(RAW DATA Opens)
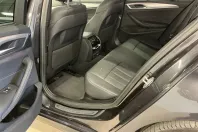 BMW Seria 5 din 2020 cu 165.511 km - oferta BMW133350 - foto 5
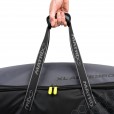 Torba Matrix Ethos XL Accessories Bag 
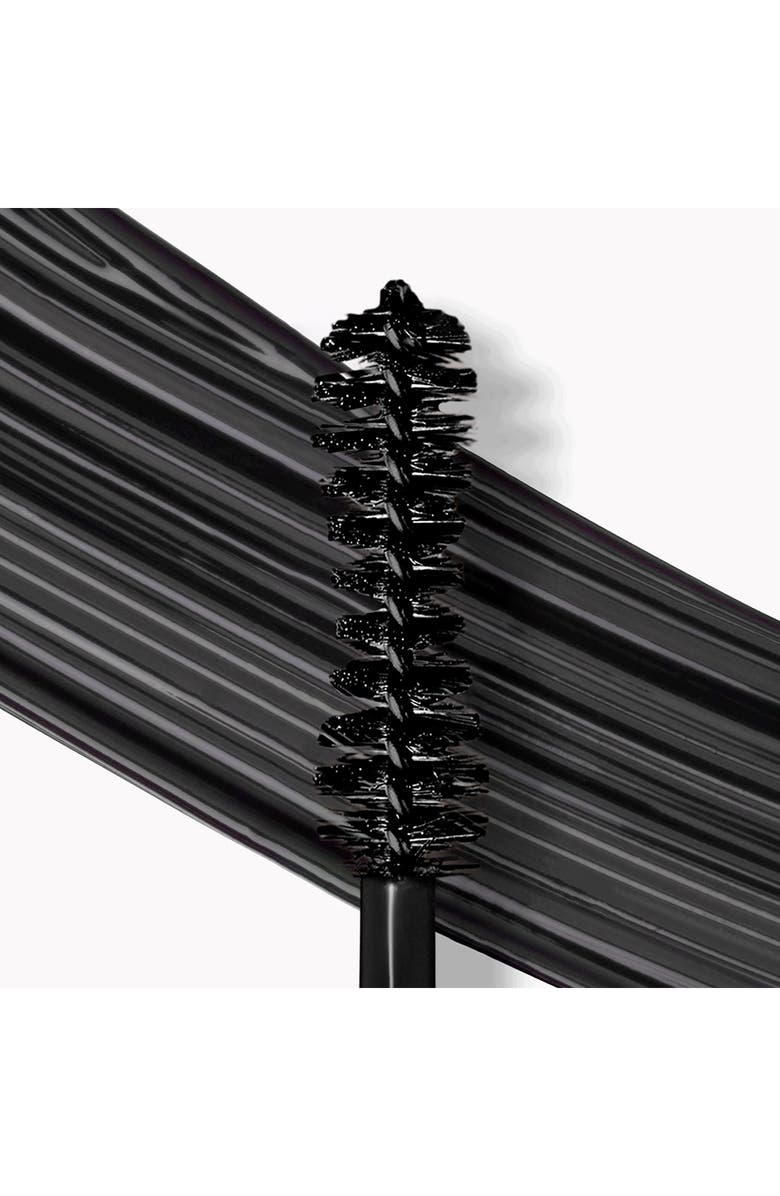 Carolina Herrera Fabulous Eyes Waterproof Mascara, Alternate, color, Black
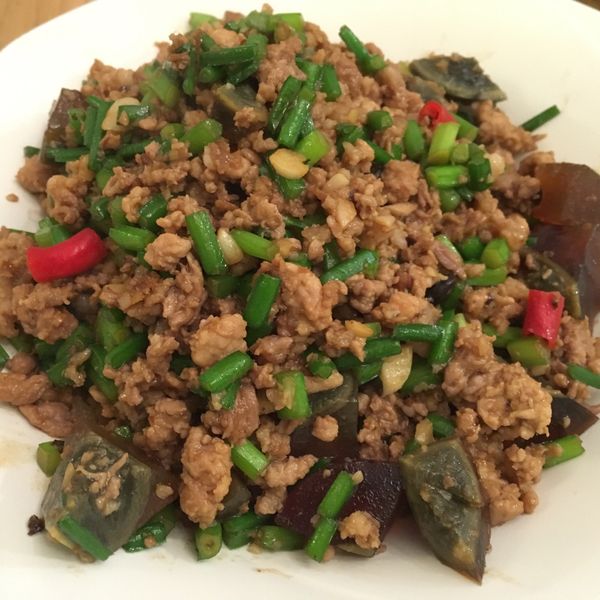 皮蛋蒼蠅頭：林佳 一起做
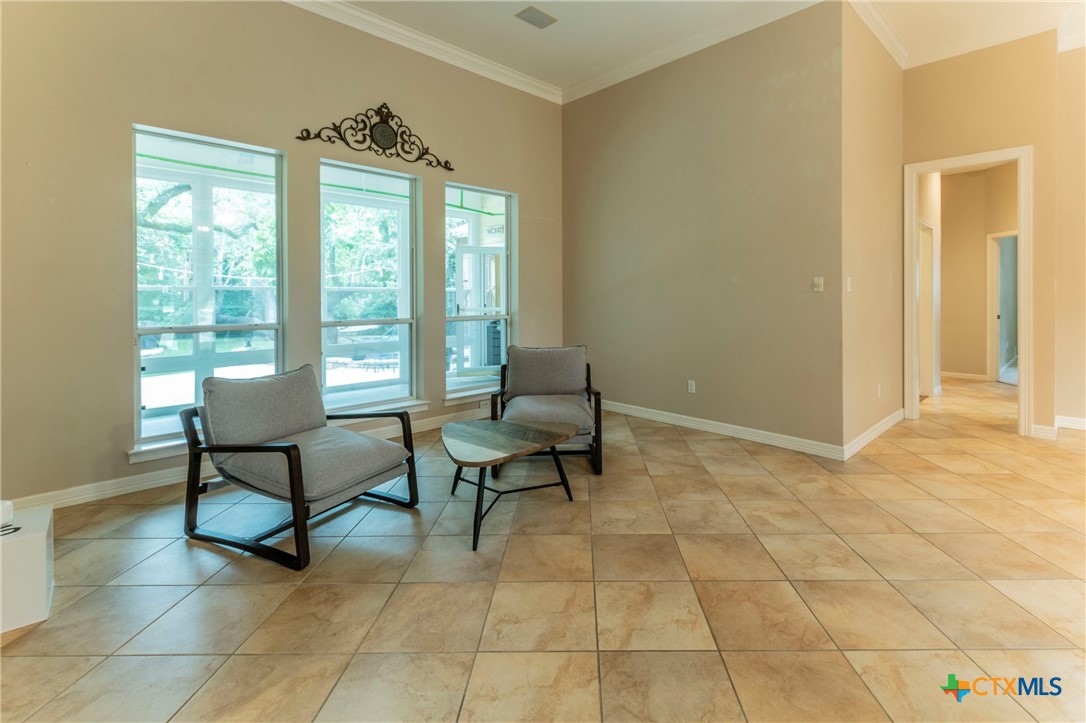 11021 Granbury Cove Property Photo 3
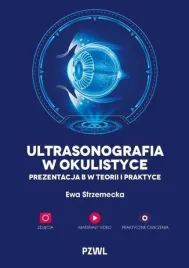 ultrasonografia-w-okulistyce-ewa-strzemecka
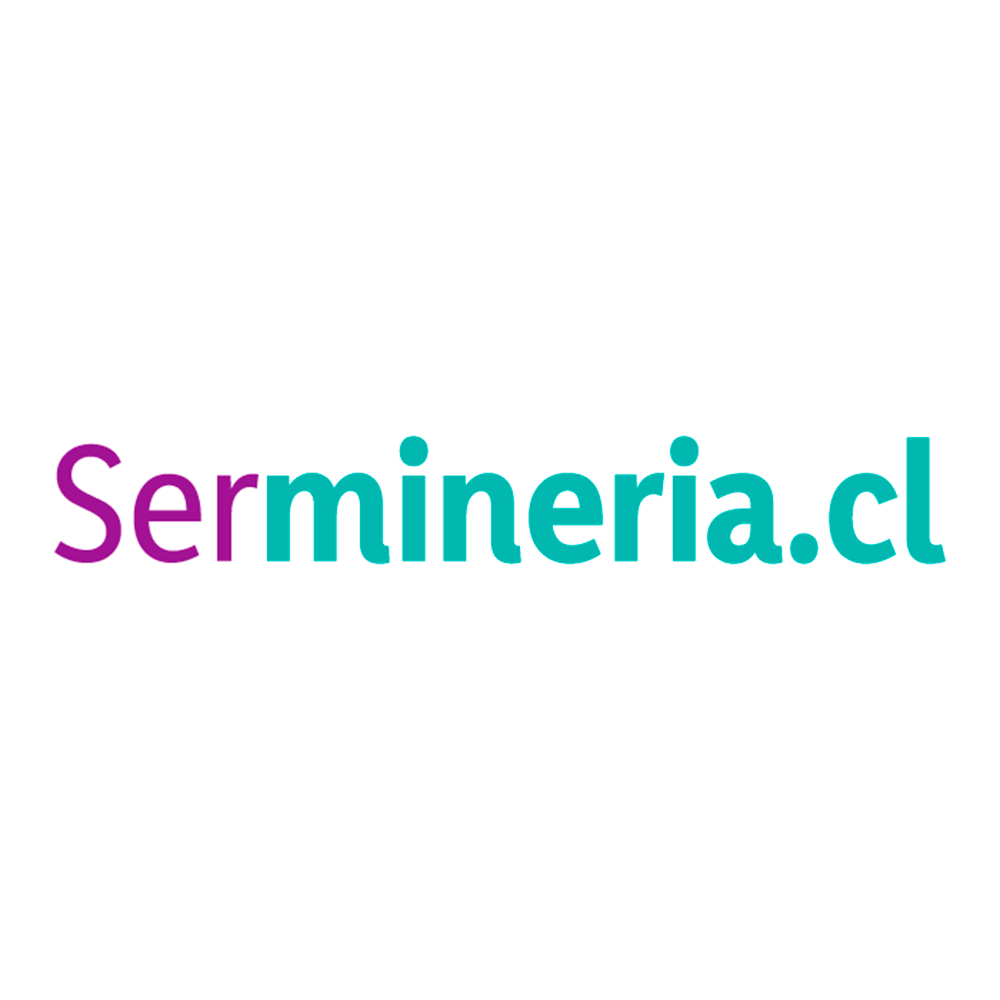 (c) Sermineria.cl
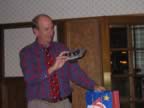 IMG_2555.jpg (43kb)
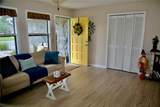 1069 57TH Avenue - Photo 5
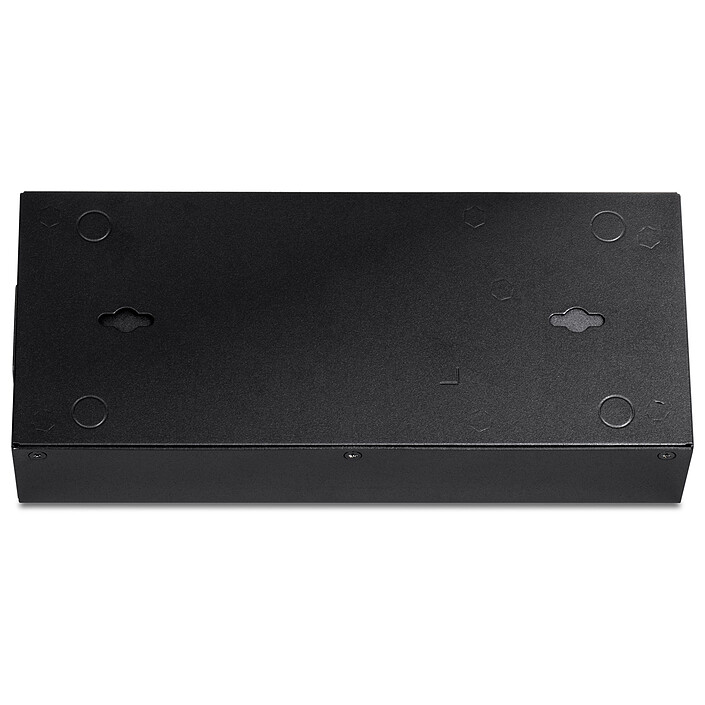Comprar TRENDnet TPE-319GI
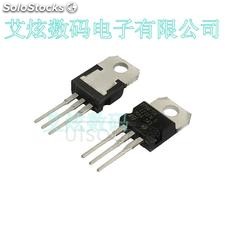 Semiconductor P75NF 75 Field Effect Pipe mosfet n-Ch75 Volt 80 Amp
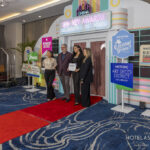 InnKeyAwards-Hilton-2026_06_11-6787-social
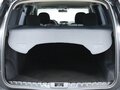 2014 Renault Duster I, чёрный, 830000 рублей - вид 8
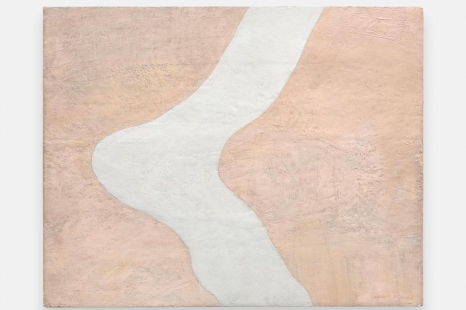 Adrian Morris, , Sylvia Kouvali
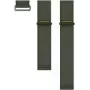 GARMIN Venu X1 Quick Release 24 mm ComfortFit Moss kellarihm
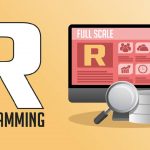 Lista de recursos GRATUITOS en línea para aprender a programar en R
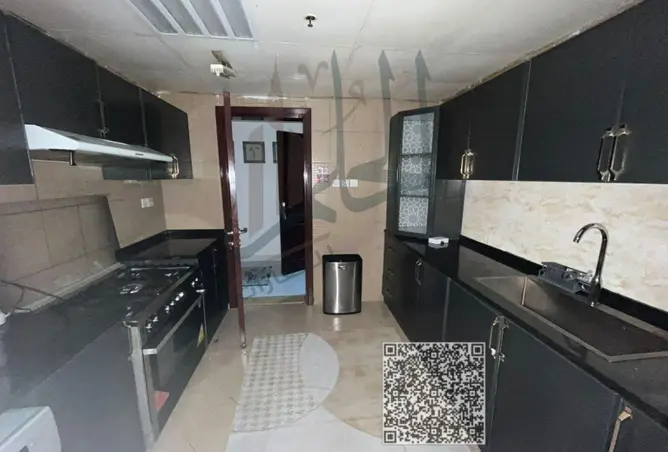 150472250 - Property Image 3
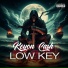 Keyon Cash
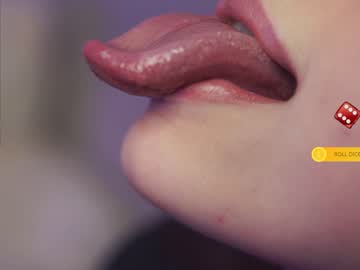 female cam girl hoolybunny image #1729928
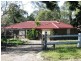 Cedar Vale QLD 4285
(RAW DATA Closes)
--- PROBLEM DETAILS ---
Return the entries exactly as given. Do not include pictures.

--- WRITTEN RESPONSE ---
 BMW Seria 5 din 2020 cu 165.511 km - oferta BMW133350 - foto 5
 Torba Matrix Ethos XL Accessories Bag 
 Carolina Herrera Fabulous Eyes Waterproof Mascara, Alternate, color, Black
 皮蛋蒼蠅頭：林佳 一起做
 11021 Granbury Cove Property Photo 3
 ultrasonografia-w-okulistyce-ewa-strzemecka
 (c) Sermineria.cl
 IMG_2555.jpg (43kb)
 1069 57TH Avenue - Photo 5
Comprar TRENDnet TPE-319GI
 Semiconductor P75NF 75 Field Effect Pipe mosfet n-Ch75 Volt 80 Amp
 InnKeyAwards-Hilton-2026_06_11-6787-social
 2014 Renault Duster I, чёрный, 830000 рублей - вид 8
 Adrian Morris, , Sylvia Kouvali
 GARMIN Venu X1 Quick Release 24 mm ComfortFit Moss kellarihm
 Lista de recursos GRATUITOS en línea para aprender a programar en R
 150472250 - Property Image 3
 Keyon Cash
 female cam girl hoolybunny image #1729928
 Cedar Vale QLD 4285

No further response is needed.